Guide Name: Galway Introduction Walking Tour
Guide Location: Ireland » Galway (See other walking tours in Galway)
Guide Type: Self-guided Walking Tour (Sightseeing)
# of Attractions: 16
Tour Duration: 3 Hour(s)
Travel Distance: 3.7 Km or 2.3 Miles
Author: anna
Sight(s) Featured in This Guide:
  • Eyre Square
  • Hotel Meyrick
  • Spanish Arch
  • Galway City Museum
  • O'Briens Bridge
  • The Latin Quarter
  • Saint Nicholas Church
  • The Lynch Memorial
  • Lynch's Castle
  • Statues of Oscar Wilde and Eduard Vilde
  • Galway Courthouse
  • Town Hall Theatre
  • Salmon Weir Bridge
  • Galway Cathedral
  • Galway Arts Centre
  • Galway Port
1
Eyre Square

1) Eyre Square (must see)

John F. Kennedy Memorial Park is an inner-city public park in Galway, Ireland, formerly officially named Eyre Square and still widely known by that name. The park is within the city centre, adjoining the nearby shopping area of Williams Street and Shop Street. The park is rectangular, surrounded on three sides by streets that form the major traffic arteries into Galway city centre; the West side of the Square was pedestrianised in 2006.

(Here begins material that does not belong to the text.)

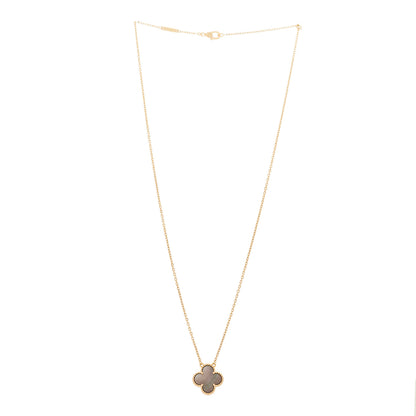 Van Cleef & Arpels 18K Rose Gold Gray Mother of Pearl Vintage Alhambra Pendant Necklace 3 of 6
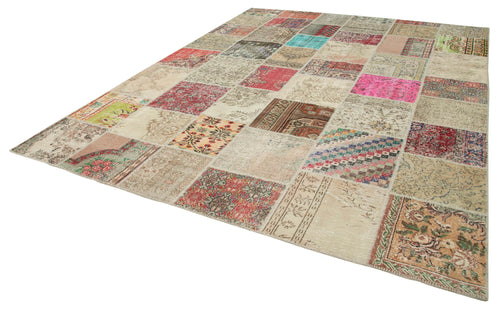 Kırk Yama Bej Patchwork Pamuk Yün El Dokuma Halısı 303x402 Agacan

The origin of the square comes from medieval open space in front of town gate, known as The Green. Mostly markets took place in northern part of the space. The earliest endeavour to glamourize it were recorded in 1631. Some ash-trees were planted and park was enclosed by wooden fence. The plot of land that became Eyre Square was officially presented to the city in 1710 by Mayor Edward Eyre, from whom it took its name. In 1801 General Meyrick raised stone wall around the square, which was later known as Meyrick Square. In the middle of the 19th century the whole park underwent a redevelopment in Georgian style. In the 1960s full-scale reconstruction started and iron railings were removed and raised around the backyard of St. Nicholas' Church, and in 1965 the park reopened with a new name.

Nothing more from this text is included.